Resistive AC-Coupled Silicon Detectors: principles of operation and first results from a combined analysis of beam test and laser data

TL;DR

This paper introduces Resistive AC-Coupled Silicon Detectors (RSDs), a novel LGAD-based sensor technology that enables isotropic charge sharing and achieves high spatial and temporal resolutions demonstrated through laser and beam tests.

Contribution

The paper presents the design, operation principles, and first experimental results of RSDs, a new type of silicon sensor with resistive implants for improved spatial and temporal resolution.

Findings

Spatial resolution between 2.5 and 17 micrometers depending on geometry.

Temporal resolution around 40 picoseconds for 200-micrometer pitch devices.

Successful demonstration of isotropic charge sharing without floating electrodes.

Abstract

This paper presents the principles of operation of Resistive AC-Coupled Silicon Detectors (RSDs) and measurements of the temporal and spatial resolutions using a combined analysis of laser and beam test data. RSDs are a new type of n-in-p silicon sensor based on the Low-Gain Avalanche Diode (LGAD) technology, where the $n^+$ implant has been designed to be resistive, and the read-out is obtained via AC-coupling. The truly innovative feature of RSD is that the signal generated by an impinging particle is shared isotropically among multiple read-out pads without the need for floating electrodes or an external magnetic field.
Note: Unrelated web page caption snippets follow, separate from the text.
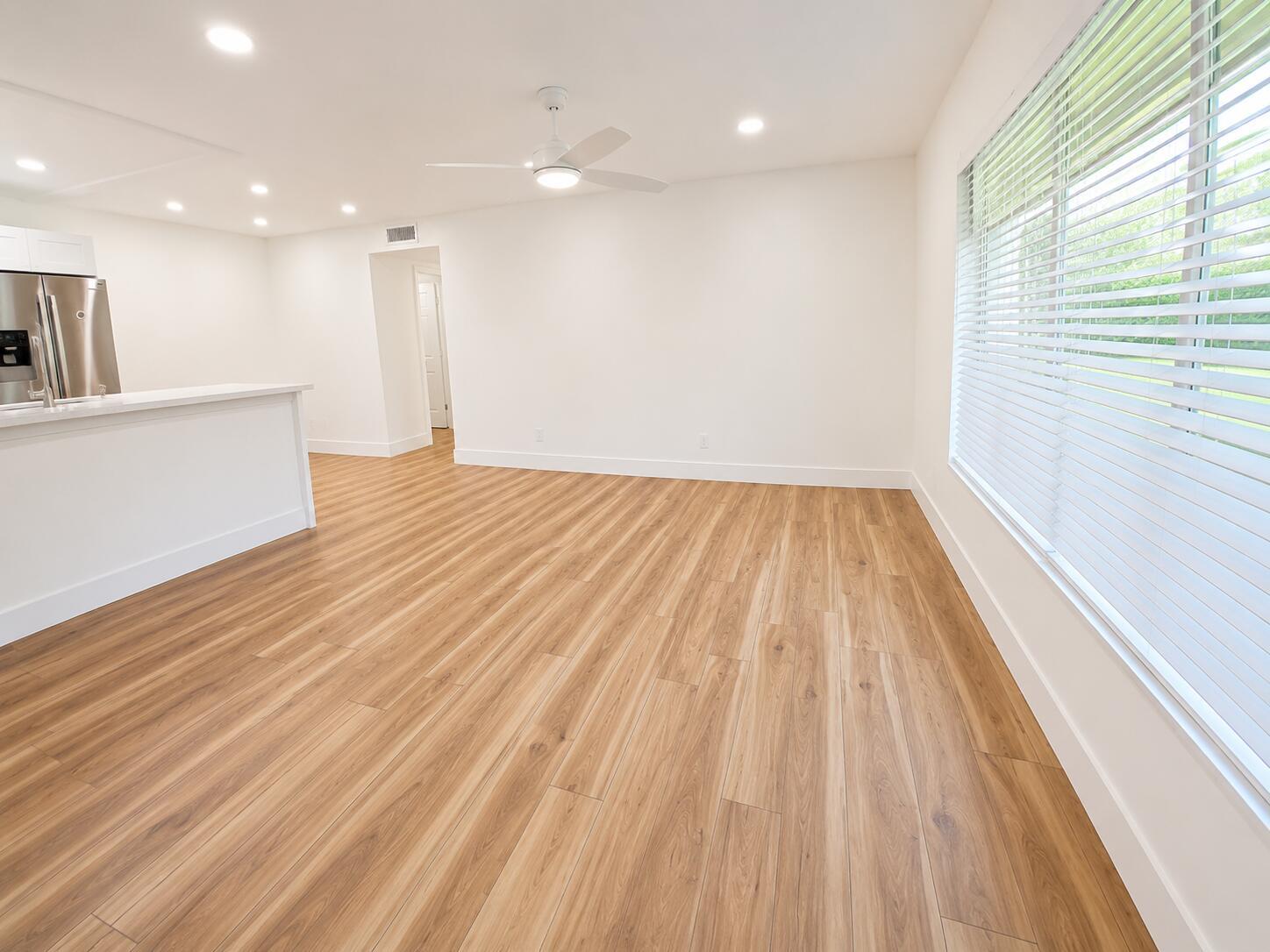 A bright, empty room features light wood-look flooring, white walls, a ceiling fan, and large windows — 5424 Lakefront Boulevard # D, Delray Beach FL 33484, DELRAY BEACH, FL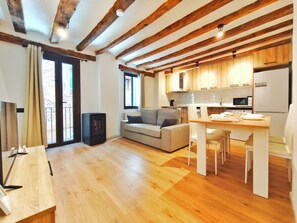 A modern interior with a wooden floor, a sofa, a dining table, and a kitchen area. - House in La Vila medieval de La Pobla de Lillet (La Pobla de Lillet)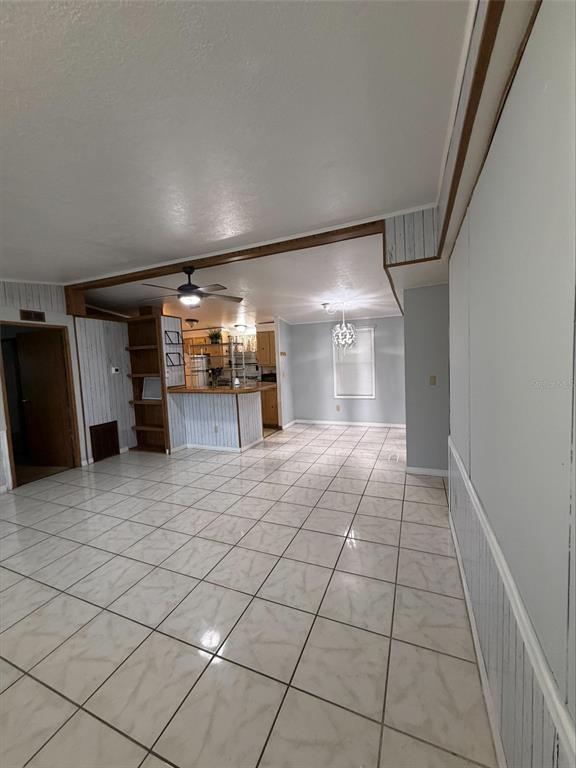 A room with white tile flooring, wood-paneled walls, a ceiling fan, and an open kitchen — 2557 LAKOTA LANE, ST CLOUD, FL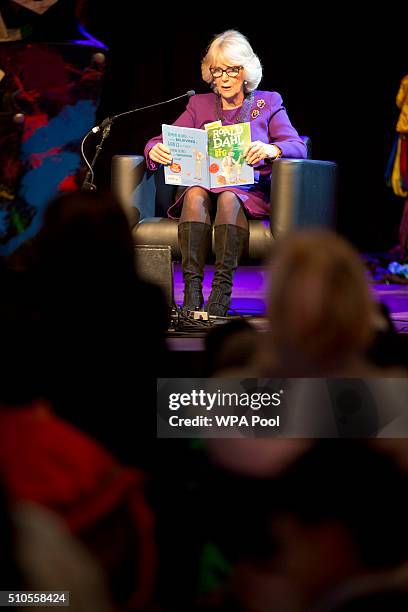 Camilla, Duchess of Cornwall reads during a preview of the new 'Wondercrump World of Roald Dahl' exhibition which celebrates the author's Centenary...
Careful tuning of the coupling oxide thickness and the $n^+$ doping profile is at the basis of the successful functioning of this device. Several RSD matrices with different pad width-pitch geometries have been extensively tested with a laser setup in the Laboratory for Innovative Silicon Sensors in Torino, while a smaller set of devices have been tested at the Fermilab Test Beam Facility with a 120 GeV/c proton beam. The measured spatial resolution ranges between $2.5\; \mu m$ for 70-100 pad-pitch geometry and $17\; \mu m$ with 200-500 matrices, a factor of 10 better than what is achievable in binary read-out ($bin\; size/ \sqrt{12}$). Beam test data show a temporal resolution of $\sim 40\; ps$ for 200-$\mu m$ pitch devices, in line with the best performances of LGAD sensors at the same gain.